*About this exercise*:
Lines from the one with "Al Wakrah’s Nasser" up to and including the one with "EXCLUSIVELY AT SAKS." are to be copied exactly from the records below, without their pictures.

*Entries provided*:
Content starts

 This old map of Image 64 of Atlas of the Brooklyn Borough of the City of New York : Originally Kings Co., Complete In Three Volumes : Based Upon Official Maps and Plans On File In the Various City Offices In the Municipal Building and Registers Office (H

Content ends
Content starts

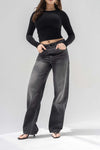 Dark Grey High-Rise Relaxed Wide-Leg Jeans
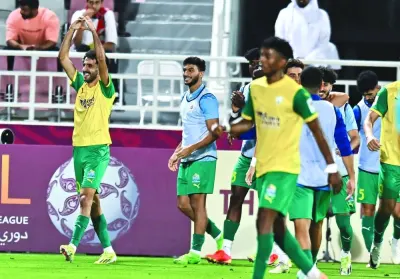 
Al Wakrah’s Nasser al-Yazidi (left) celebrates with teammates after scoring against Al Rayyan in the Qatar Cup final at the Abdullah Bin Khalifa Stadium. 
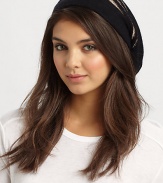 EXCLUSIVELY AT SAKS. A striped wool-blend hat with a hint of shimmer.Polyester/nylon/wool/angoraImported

Content ends

*Final answer*:
Al Wakrah’s Nasser al-Yazidi (left) celebrates with teammates after scoring against Al Rayyan in the Qatar Cup final at the Abdullah Bin Khalifa Stadium. 
 EXCLUSIVELY AT SAKS. A striped wool-blend hat with a hint of shimmer.Polyester/nylon/wool/angoraImported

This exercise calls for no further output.